***** Supplied data *****

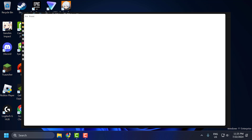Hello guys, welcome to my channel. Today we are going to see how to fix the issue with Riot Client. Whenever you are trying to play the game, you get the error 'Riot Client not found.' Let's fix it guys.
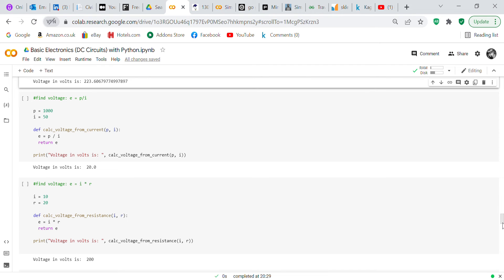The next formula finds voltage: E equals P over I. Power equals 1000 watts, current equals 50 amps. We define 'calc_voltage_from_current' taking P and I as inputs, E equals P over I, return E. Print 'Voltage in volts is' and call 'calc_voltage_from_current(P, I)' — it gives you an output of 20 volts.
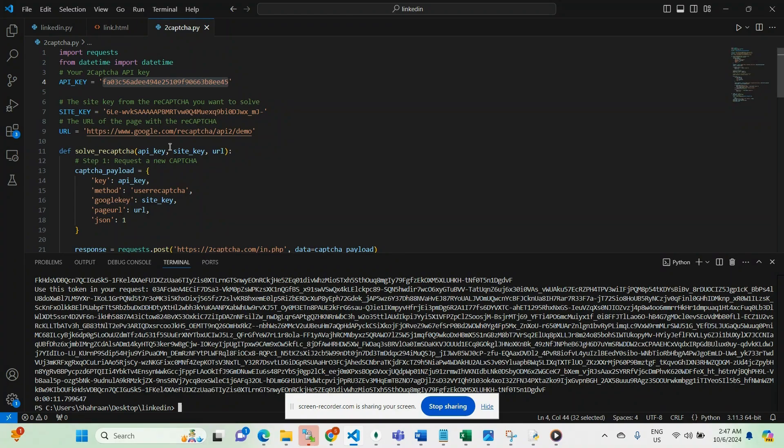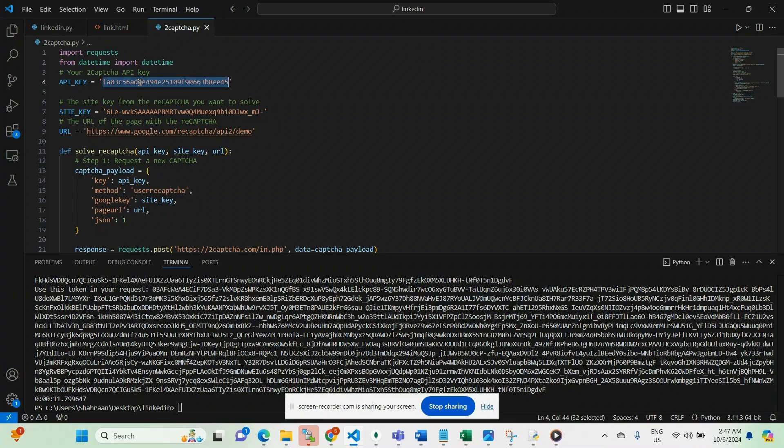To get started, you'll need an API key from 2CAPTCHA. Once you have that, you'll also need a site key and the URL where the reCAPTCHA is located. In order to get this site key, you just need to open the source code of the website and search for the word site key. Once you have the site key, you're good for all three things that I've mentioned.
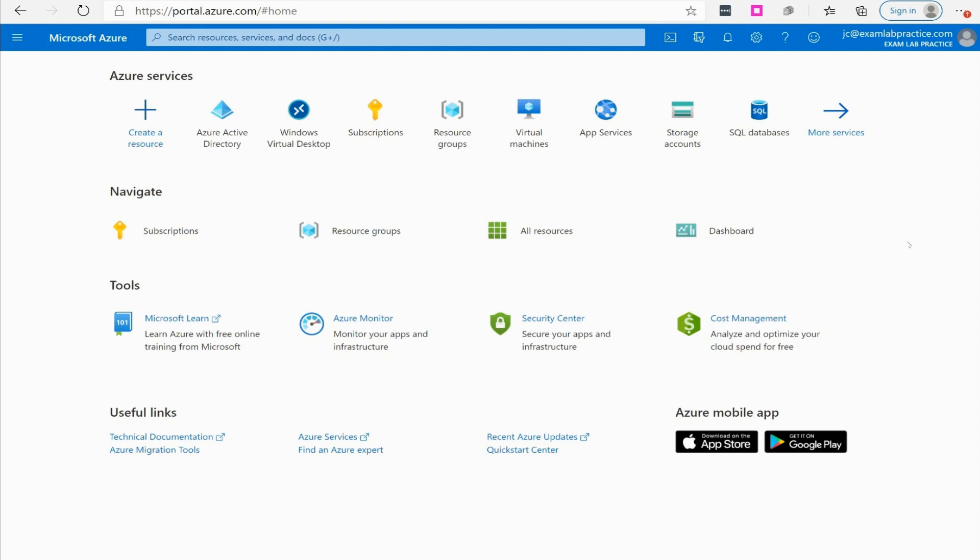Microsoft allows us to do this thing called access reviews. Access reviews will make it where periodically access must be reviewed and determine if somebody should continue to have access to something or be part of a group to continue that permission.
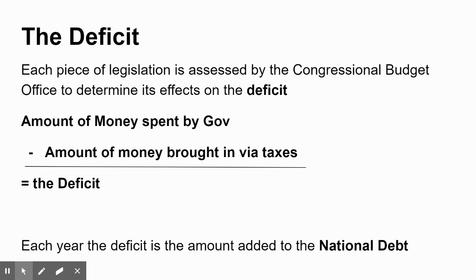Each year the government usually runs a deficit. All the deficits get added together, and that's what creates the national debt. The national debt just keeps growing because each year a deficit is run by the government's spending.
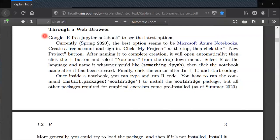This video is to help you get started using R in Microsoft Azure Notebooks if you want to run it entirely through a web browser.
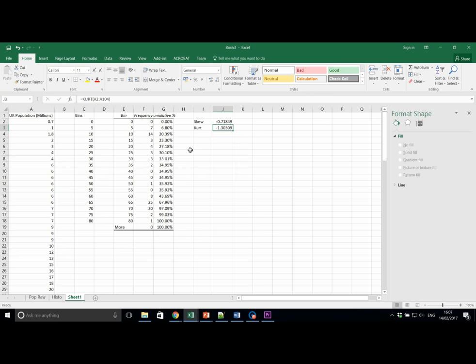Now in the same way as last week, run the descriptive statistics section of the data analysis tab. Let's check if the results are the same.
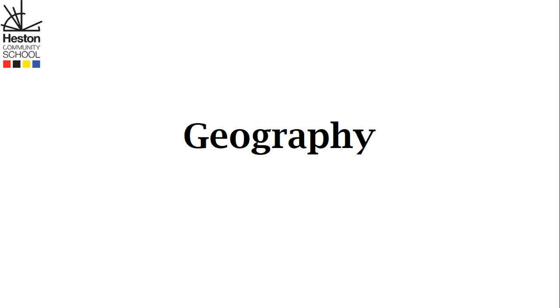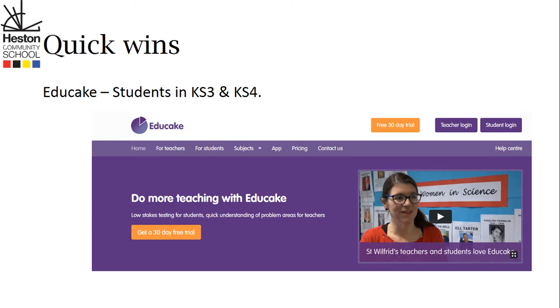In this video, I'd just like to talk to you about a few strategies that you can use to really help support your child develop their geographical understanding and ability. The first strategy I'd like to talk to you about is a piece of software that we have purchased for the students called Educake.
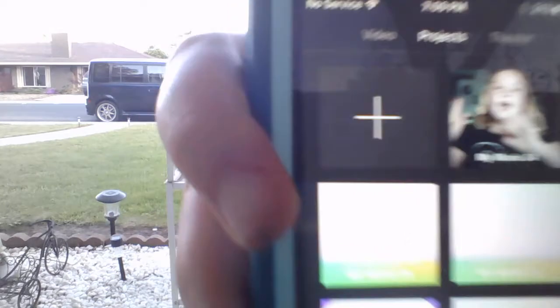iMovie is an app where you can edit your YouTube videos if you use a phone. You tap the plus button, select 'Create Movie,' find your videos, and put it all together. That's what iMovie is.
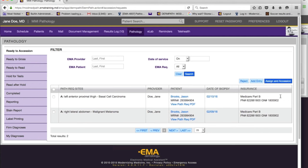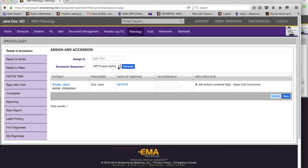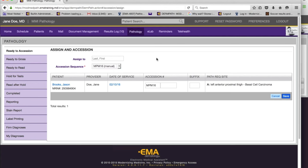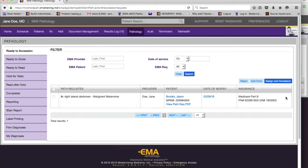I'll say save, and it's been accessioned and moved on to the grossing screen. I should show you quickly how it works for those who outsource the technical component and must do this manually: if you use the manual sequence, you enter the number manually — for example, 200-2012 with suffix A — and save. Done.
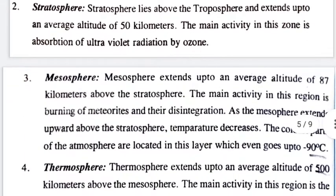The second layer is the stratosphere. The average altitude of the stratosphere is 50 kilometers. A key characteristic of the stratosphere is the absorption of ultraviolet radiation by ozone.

*****

What needs to be done: For this task, return exactly the stretch of the listing above from the line with "Each year the" through the line with "iMovie is an", inclusive and without pictures.

Written solution:
Each year the government usually runs a deficit. All the deficits get added together, and that's what creates the national debt. The national debt just keeps growing because each year a deficit is run by the government's spending.
This video is to help you get started using R in Microsoft Azure Notebooks if you want to run it entirely through a web browser.
Now in the same way as last week, run the descriptive statistics section of the data analysis tab. Let's check if the results are the same.
In this video, I'd just like to talk to you about a few strategies that you can use to really help support your child develop their geographical understanding and ability. The first strategy I'd like to talk to you about is a piece of software that we have purchased for the students called Educake.
iMovie is an app where you can edit your YouTube videos if you use a phone. You tap the plus button, select 'Create Movie,' find your videos, and put it all together. That's what iMovie is.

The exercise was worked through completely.